After 13 years on tour, Spain’s David Ferrer is finally into his first ever Grand Slam final at Roland Garros. That he will compete for an elusive Major championship on the terre battue of Paris seems fitting considering he has 10 clay titles to his credit. But to think of Ferrer as just a clay court specialist would be a mistake. Out of the 20 career titles he holds, 10 were won on other surfaces including indoor hard and grass.
With a steady, though not flashy game coupled with a tremendous fighting spirit, the Valencia native has earned nearly $19 million U.S. in career prize money and plenty of unnecessary nicknames comparing him to various animals along the way. Ferrer could be considered something of a late bloomer with a slow burn of a career. Despite consistent success during his first few years on tour, it wasn’t until 2007 that Ferrer burst into any kind of real worldwide awareness. That took place at the U.S. Open that same year when he beat Nadal en route to reaching the semifinals. Ferrer later reached the finals of the end of season event known then as the Tennis Masters Cup losing to eventual champion Federer. Ferrer finished 2007 ranked No. 5 in the world and though he did dip out of the top 20 in 2009, he made a slow climb back to inside the top 10 and recently as high as No. 4 in the world.
Why did it take Ferrer, now age 31, so long to reach the final round at one of the Majors? Well, being an active player during the reign of the “Big Four” in Djokovic, Federer, Murray and Nadal certainly did not help. Until his win over the Frenchman Tsonga in the Roland Garros semis, Ferrer had lost in five previous semifinal appearances to one of the above four mentioned. In an era where having a big weapon is really a necessity, Ferrer instead relies on innate agility, a solid two-handed backhand and the ferocious ability to wear down almost anyone on a tennis court who isn’t able to keep up with him. That combination has taken Ferrer farther than most players of his generation. But not far enough against that elite quartet who continue to dominate the sport.
Though being a player over the age of 30 is hardly a rarity anymore, Ferrer’s veteran status continues to make him a growing sentimental favorite among fans. Some of those fans believe that Ferrer “deserves”, because of his strong work ethic and perseverance during the era of the “Big Four”, to have his fair share of the sport’s biggest riches. While that is certainly a nice sentiment, Ferrer would probably be the first to tell anyone that rewards, like reaching a Grand Slam final, feel even better when you have achieved them on your own terms. There’s no voting in tennis on who gets to be in a Major final. You either make it through the required seven rounds or not. It’s that simple.

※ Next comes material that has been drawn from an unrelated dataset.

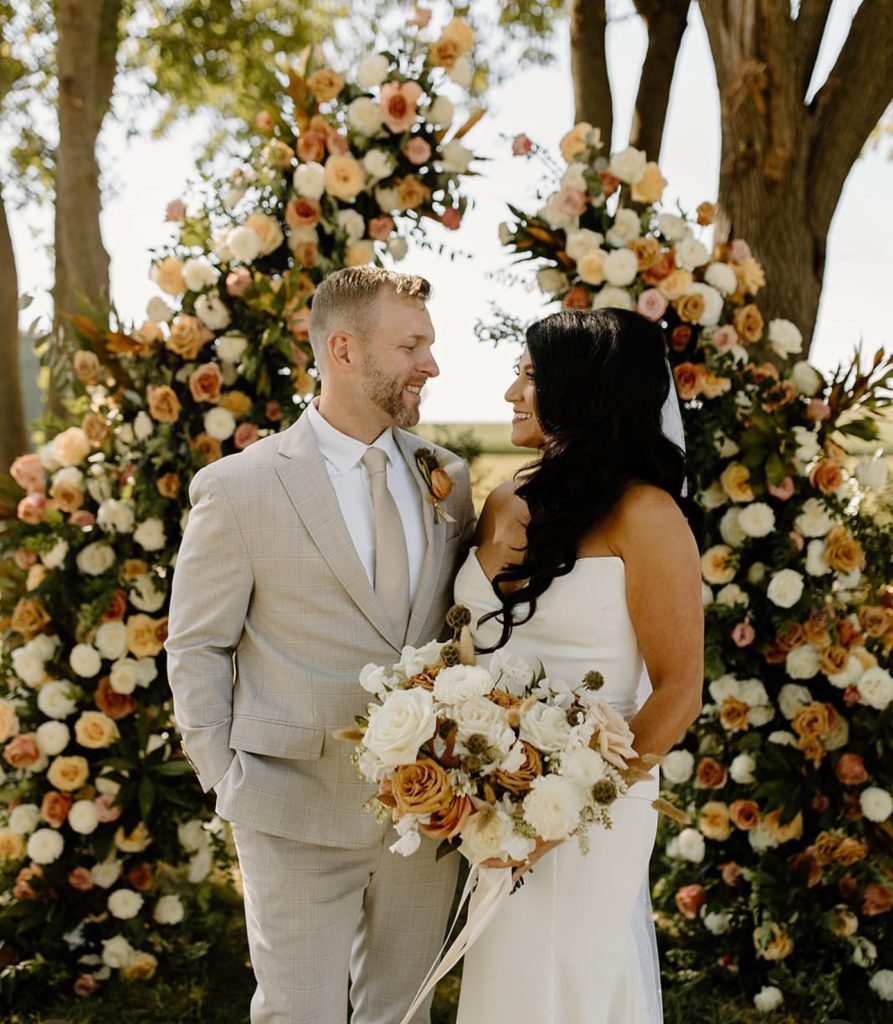 Bride and groom stand together before a vibrant floral ceremony arch featuring peachy and cream blooms in an outdoor Iowa setting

If Ferrer wants to win his first Grand Slam title, he will have to do it against his friend and Spanish Davis Cup teammate Nadal who currently owns the title “King of Clay” because of his remarkable seven French Open championships. Nadal holds a convincing 19-4 lifetime head to head against Ferrer although their last two meetings in Madrid and Rome went three sets with Nadal winning both.
While he knows he is only one win away from the ultimate prize all players seek one day in their careers, the always humble and classy Ferrer kept it all in perspective.
“It’s a dream for me to be in a final of a Grand Slam and Roland Garros is the one that is most important for me,” said Ferrer. “It is great as well that we are both Spanish players so it’s important for the country. At the end of the day it’s sport – there are things that are more important than that – but it’s important for me and my family. And for Rafa.”
Though some feel Ferrer has a mental block when it comes to playing and beating Nadal, he feels it is more about Nadal’s abilities on the court more than anything going on in his head. Speaking after his semifinal win in Paris, Ferrer said about Nadal, “It’s difficult to beat Nadal but not because he’s Spanish but because he’s a very good player. Nothing else.”
Fans root for Ferrer because in some ways he is the ultimate underdog. Despite his top five status and successful career, there’s still a feeling that Ferrer was just a little bit unlucky having to compete in this “Golden Age” of men’s tennis we are experiencing now. And there’s also the reality that no matter what he achieves, it will always pale to the lengthy resume of Nadal. But Ferrer probably wouldn’t see it that way though. For him, having achieved so much while in the same time as these greats perhaps means even more to him.
His chances against Nadal may be slim but for Ferrer to be playing on the last day of Roland Garros, when many thought he might never reach such a moment, is perhaps its own reward. After a long and fruitful career, the unabated joy on Ferrer’s face after reaching his first Major final proved once again that sometimes the greatest prize of all is the journey itself.